SiyanaVacheva1Siyana Vacheva, A Data Pro Operations Manager, has come back encouraged from the FIMA Europe 2015 conference, held this month in London, about the opportunities the financial sector holds for A Data Pro as a service vendor in risk & compliance, media monitoring and database management.

She talked with us about her impressions from the event, which brought together 300 financial information executives from investment banks, asset managers, insurers and service providers, chiefly in IT solutions and database management, from more than 100 companies and 20 countries. It was a forum for discussion of the challenges of centralised management of reference data, client and counterparty data as well as data related to markets, credit risk, compliance and reporting.

A number of companies were represented by their chief data officers, or CDOs, a position gaining recognition with the influx of data in the financial sector and
the need to make sense of it. The CDOs presentations focused on the methods to control the quality, consistency and processing of data across their organisations. It is often sensitive information – client and personal data and big chunks of internal information.

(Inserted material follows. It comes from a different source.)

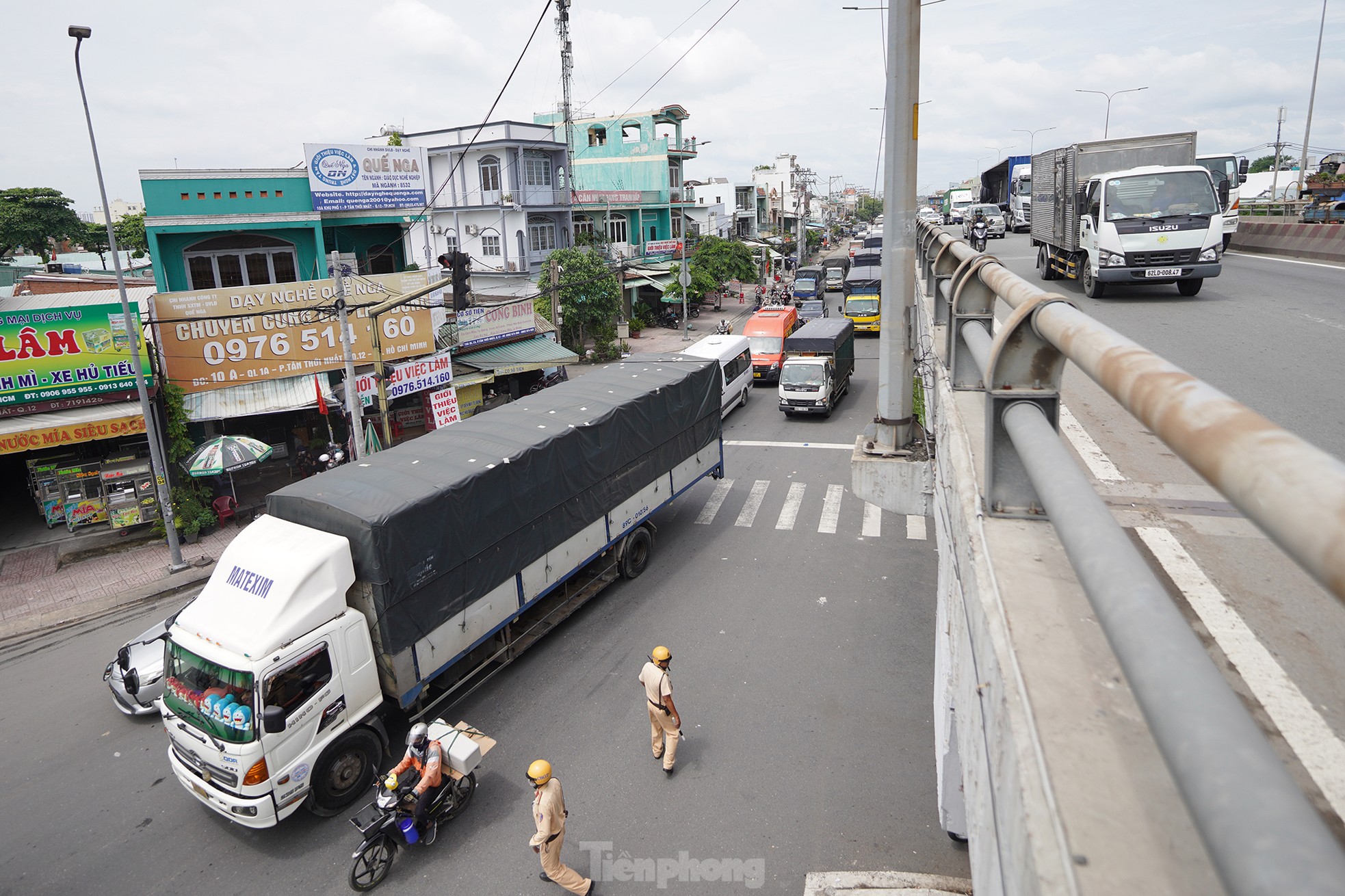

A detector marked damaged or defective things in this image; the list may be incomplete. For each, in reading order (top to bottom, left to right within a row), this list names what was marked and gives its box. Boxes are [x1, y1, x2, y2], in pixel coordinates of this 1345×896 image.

rusty metal rail [914, 218, 1345, 893]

Institutions have been streamlining their organisation to make use of the breadth of data to satisfy both regulators demands for transparency and accuracy and improve services to clients. Big players no longer consider data collection, storage and management as an auxiliary function. JP Morgan Asset Management, UBS, Deutsche Bank gave examples of how they have changed the structural model of their organisations to give priority to data management, making it one of their most important assets.

What is specific about the industry is its aversion to outsource the management of its proprietary data to external service providers, putting corporate information into a cloud or relying on artificial intelligence software. Banks have already created in-house data engineering teams for developing internal software for storing and protecting data, crews for analyzing and interpreting it and finally a team for validation of confidential information. However, the threat of information leaks makes them invest heavily in data security.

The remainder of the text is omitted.